[Exercise] The answer should be an exact repeat of the stretch of material below from the line containing "3384 Lakeside Drive Mineral Ridge OH 44440" through the line containing "- 2 Bedrooms Apartment".

[Data records]
============================================================

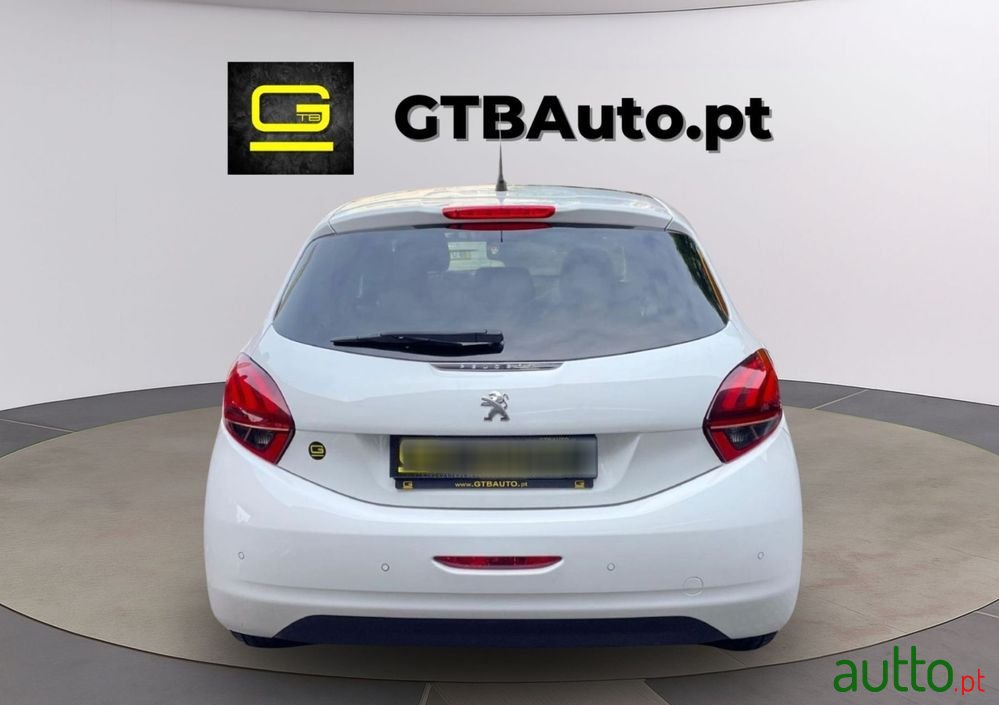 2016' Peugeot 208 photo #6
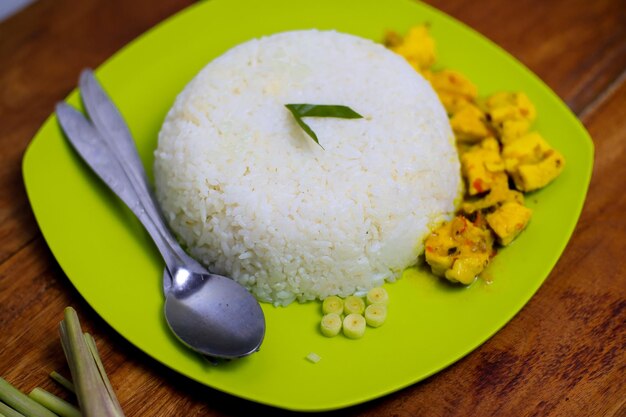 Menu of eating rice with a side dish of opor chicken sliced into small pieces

============================================================

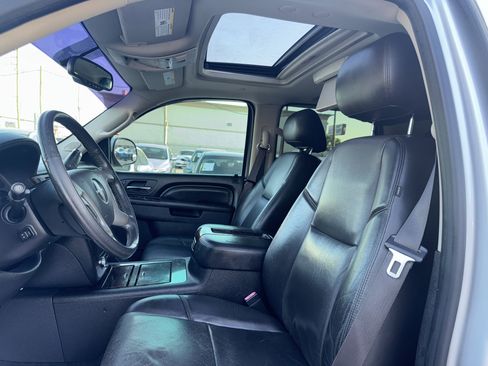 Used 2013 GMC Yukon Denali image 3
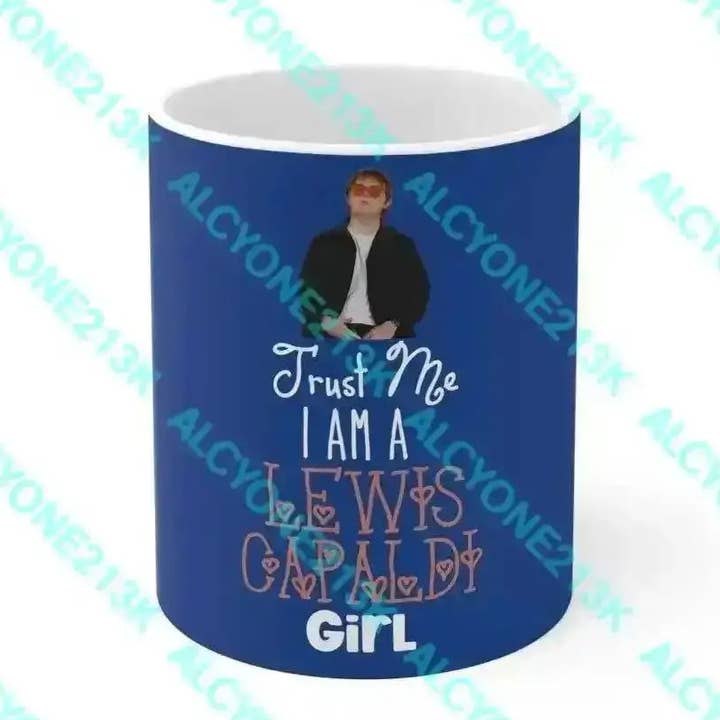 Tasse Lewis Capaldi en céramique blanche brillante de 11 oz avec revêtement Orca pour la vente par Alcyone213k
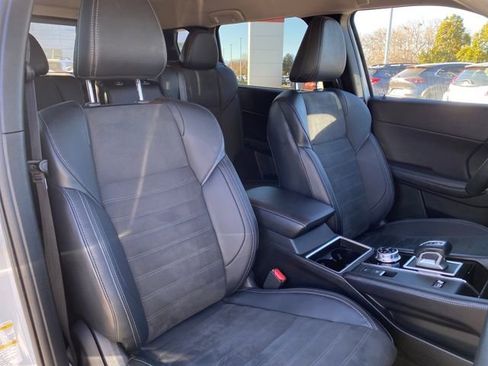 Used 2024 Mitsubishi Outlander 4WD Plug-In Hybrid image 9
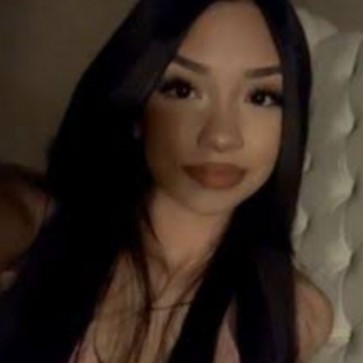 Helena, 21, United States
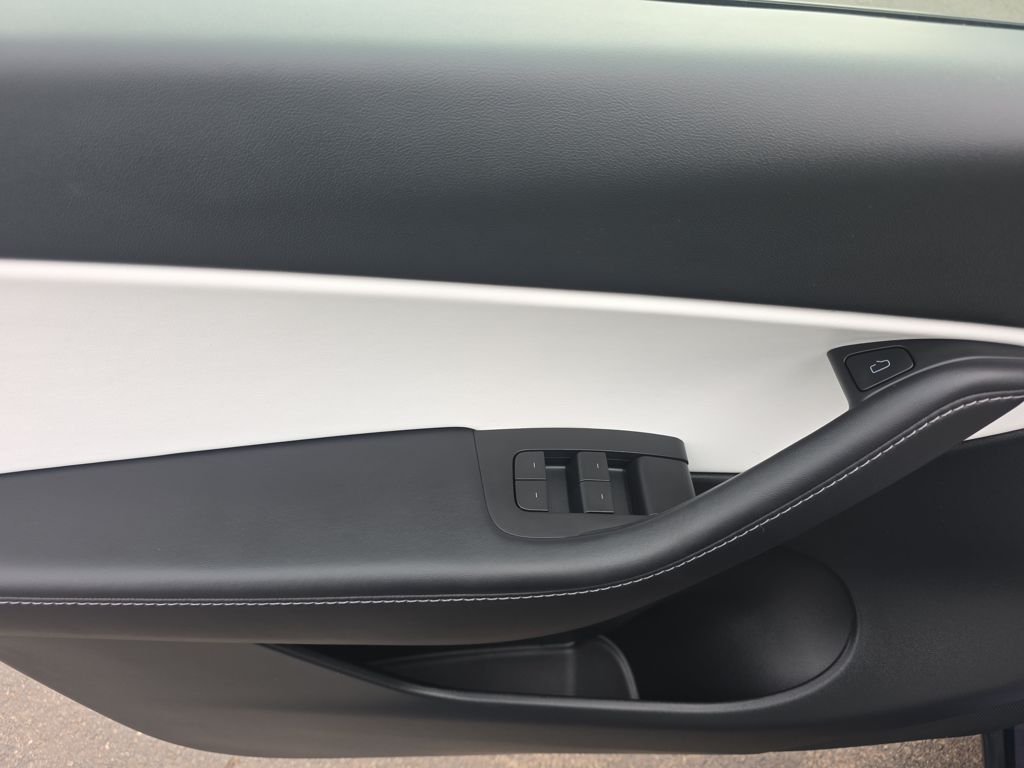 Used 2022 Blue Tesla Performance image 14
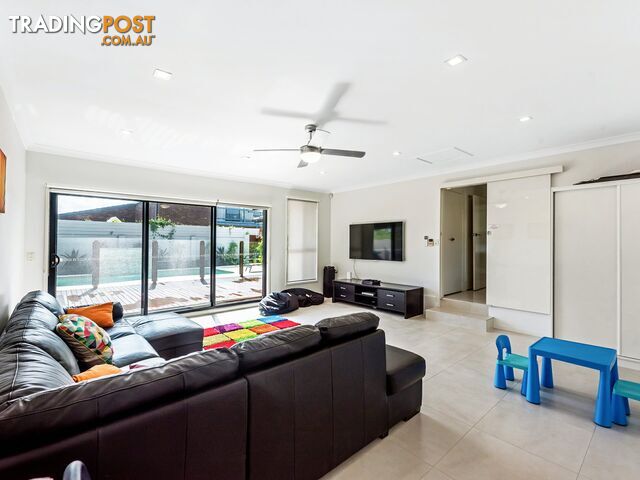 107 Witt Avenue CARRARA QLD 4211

============================================================

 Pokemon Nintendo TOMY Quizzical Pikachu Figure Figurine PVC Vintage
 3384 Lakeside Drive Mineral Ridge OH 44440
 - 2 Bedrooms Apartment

============================================================

[Task result]
 3384 Lakeside Drive Mineral Ridge OH 44440
 - 2 Bedrooms Apartment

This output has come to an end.